■ **WHAT YOU NEED TO DO**
When a line in the records includes the string "Honda", it goes into the tally; report that tally alone.

Scraped caption text data:

☆ ☆ ☆ ☆

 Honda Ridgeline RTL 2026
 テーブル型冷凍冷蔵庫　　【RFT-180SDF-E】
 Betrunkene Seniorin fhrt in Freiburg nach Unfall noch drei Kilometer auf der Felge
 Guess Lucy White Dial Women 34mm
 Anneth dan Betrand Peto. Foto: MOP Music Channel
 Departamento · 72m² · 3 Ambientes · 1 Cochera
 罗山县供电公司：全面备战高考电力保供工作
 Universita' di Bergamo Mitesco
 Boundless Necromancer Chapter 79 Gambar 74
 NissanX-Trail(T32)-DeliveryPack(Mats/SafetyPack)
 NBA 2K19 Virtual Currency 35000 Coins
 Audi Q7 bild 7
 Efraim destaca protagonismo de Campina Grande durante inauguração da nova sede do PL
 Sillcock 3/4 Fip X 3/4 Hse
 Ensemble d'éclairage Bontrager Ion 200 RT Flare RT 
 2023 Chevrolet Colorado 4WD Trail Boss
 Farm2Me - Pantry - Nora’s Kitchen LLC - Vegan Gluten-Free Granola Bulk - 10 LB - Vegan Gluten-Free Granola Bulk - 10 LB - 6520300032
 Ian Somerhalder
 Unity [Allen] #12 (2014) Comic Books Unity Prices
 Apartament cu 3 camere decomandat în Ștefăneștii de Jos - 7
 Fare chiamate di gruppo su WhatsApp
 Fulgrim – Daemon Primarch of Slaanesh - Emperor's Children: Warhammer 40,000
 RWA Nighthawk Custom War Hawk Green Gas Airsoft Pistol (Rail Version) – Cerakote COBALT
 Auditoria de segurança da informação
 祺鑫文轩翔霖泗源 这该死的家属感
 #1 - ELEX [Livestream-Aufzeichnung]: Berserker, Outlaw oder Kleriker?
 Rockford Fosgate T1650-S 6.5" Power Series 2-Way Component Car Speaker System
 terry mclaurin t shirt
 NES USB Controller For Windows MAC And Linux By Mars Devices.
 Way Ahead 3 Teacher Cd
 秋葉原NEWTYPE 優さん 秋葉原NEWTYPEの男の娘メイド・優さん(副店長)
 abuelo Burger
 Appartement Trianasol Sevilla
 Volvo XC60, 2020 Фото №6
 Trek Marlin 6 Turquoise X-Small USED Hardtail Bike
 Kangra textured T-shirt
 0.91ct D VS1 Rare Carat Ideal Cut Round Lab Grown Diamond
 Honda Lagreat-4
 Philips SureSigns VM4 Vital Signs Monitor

☆ ☆ ☆ ☆

■ **EXERCISE RESULT**
2